Quella fuga in moto è già nella leggenda

Vera o falsa che sia la notizia della morte del mullah Omar, Il leader spirituale del movimento dei Talebani e vice di Bin Laden, resterà sempre nella nostra memoria la scena (vera o falsa che sia) del il barbuto mullah che se la svigna in una nuvola di polvere a bordo di un scassata motocicletta.

Esteri 30_07_2015
L'unica foto esistente del mullah Omar

«Ma tutto a un tratto un umore assai strano/ Non è un carro armato e neanche un aeroplano!/ In fuga sulla moto verso l’ignoto!/ Lontano qualcuno scappa in tutta fretta/ È il Mullah Omar con la sua motocicletta». Così ai tempi cantavano i Sambu Brothers, band del punk rock che pigliava per i fondelli marines e top gun mandati da Bush in Afghanistan a stanare i combattenti islamisti asserragliati nelle caverne di Tora Bora. Vera o falsa che sia la notizia della morte del mullah Omar, Il leader spirituale del movimento dei Talebani e vice di Bin Laden, resterà sempre nella nostra memoria la scena (vera o falsa che sia) del il barbuto mullah che se la svigna in una nuvola di polvere a bordo di un scassata motocicletta. Seduto sul sellino posteriore e (ma questa è solo cattivissima fantasia) con il dito medio puntato verso il cielo, a cippirimerlare gli F15 della Us Air Force. 
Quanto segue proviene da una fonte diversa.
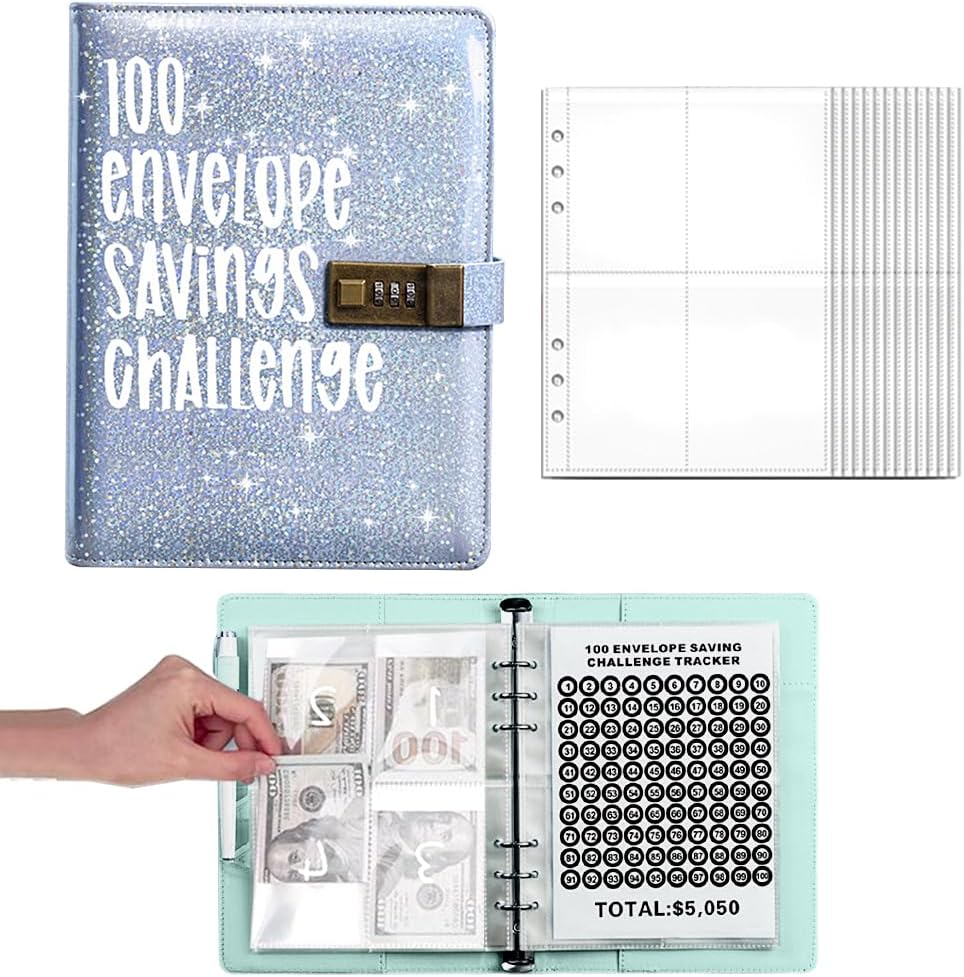 Saving Challenge met 100 Enveloppen en Budgetplanner - Besparen Met de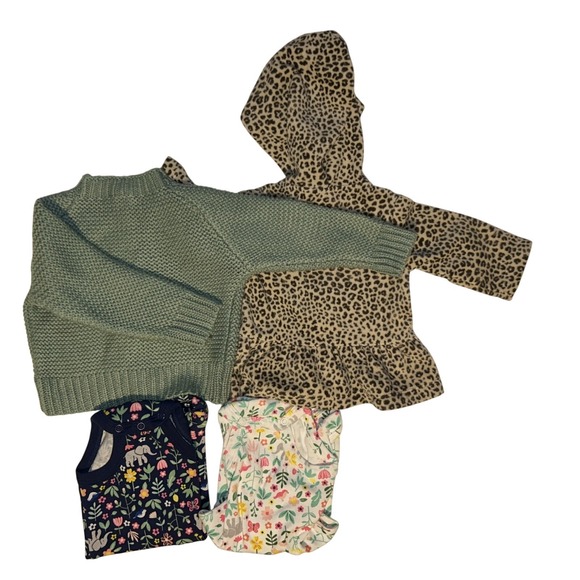 Infant Baby Girl Lot 3-6 Month Sweaters (2) One Piece Peyton & Scout Carters - Picture 2 of 11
«Sgusciato via», scortato da quattro guardie del corpo, raccontarono (era il gennaio del 2002) gli inviati di guerra e le autorità di Kabul. Il capo spirituale talebano avrebbe beffato l'accerchiamento delle centinaia di mujahiddin e di marines appostati attorno a Baghram, certi ormai di essere vicinissimi alla sua cattura. Invece… «Slipped», confermarono sconsolati gli alti ufficiali del comando americano. Già, sgusciato chissà dove. Forse a Sud, nella mitica Kandahar, dove aveva da sempre la sua madrasa, comunque in posto segreto al sicuro da dove avrebbe continuato a dirigere la guerra all’invasore yankee. Deciso a fare piazza pulita dei talebani in Afghanistan, dopo l’attacco al cuore dell’imperio americano, le Twin Towers di New York, abbattute in un attentato senza precedenti.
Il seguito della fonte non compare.